Seturut UU Nomor 39 Tahun 1999 tentang HAM, Azlia menyebut bahwa aksi yang terjadi di beberapa wilayah bisa jadi dianggap meluas, sedangkan aspek sistematis bisa merujuk pada satu institusi yang kerap melakukan pelanggaran, yakni kepolisian.

Meski begitu, menurut Azlia, praktiknya di Indonesia tidak semudah itu. Karena, untuk membuktikan terstruktur, harus dapat ditemukan rantai komando serta kebijakan yang membuat perbuatan tersebut dilakukan.

“Selain itu, kami melihat harus ada penyelidikan lebih lanjut secara pro justitia dan kami selalu mendorong Komnas HAM untuk menjalankan fungsinya tersebut. Sehingga aparatur negara bisa menjalankan fungsinya secara baik. Meskipun Perkap sudah memberikan guideline terkait HAM, pada kenyataannya itu belum dilaksanakan di lapangan. Hal ini menunjukkan masih diperlukannya perubahan dalam tubuh institusi polri yakni reformasi kepolisian berkelanjutan,” kata Amira.

Eskalasi Bentuk Represi

Agenda pengesahan RUU TNI di DPR RI pada Kamis (20/3/2025) lalu dilakukan dengan penjagaan yang sangat ketat.
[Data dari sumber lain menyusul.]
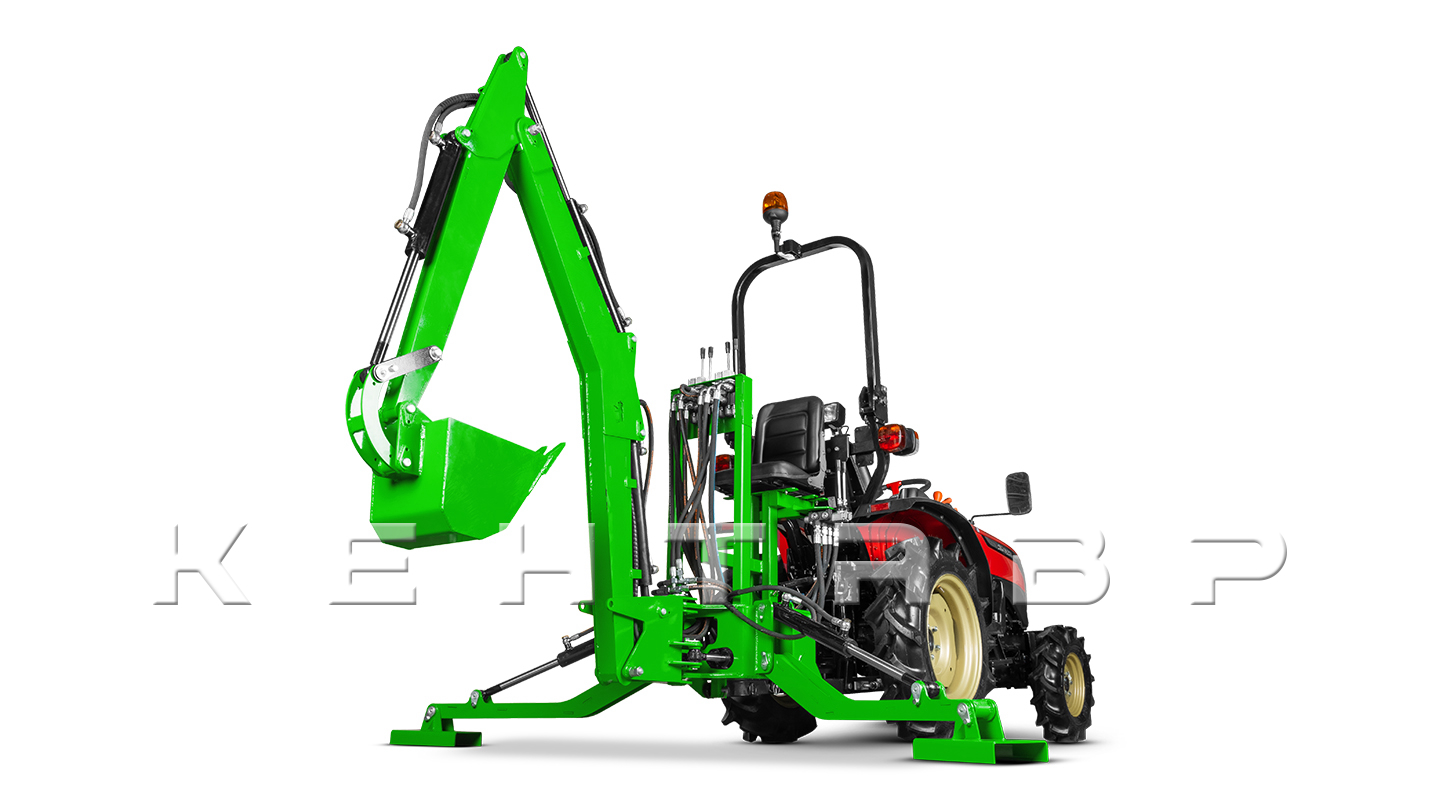 Навесной экскаватор Flagman | Флагман КА Т-244/344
Sebanyak 5.021 personel gabungan TNI-Polri diterjunkan untuk mengamankan aksi unjuk rasa penolakan pengesahan RUU TNI.

Azlia dari KontraS pun berkomentar terkait hal tersebut. Menurutnya, jika merujuk ke UU Nomor 34/2004 tentang TNI, tugas pokok TNI adalah menegakkan kedaulatan negara, mempertahankan keutuhan wilayah NKRI, dan melindungi segenap bangsa Indonesia dari ancaman dan gangguan terhadap keutuhan bangsa dan negara. Oleh karena itu, penerjunan pasukan TNI semacam itu tidak sesuai dengan tupoksinya.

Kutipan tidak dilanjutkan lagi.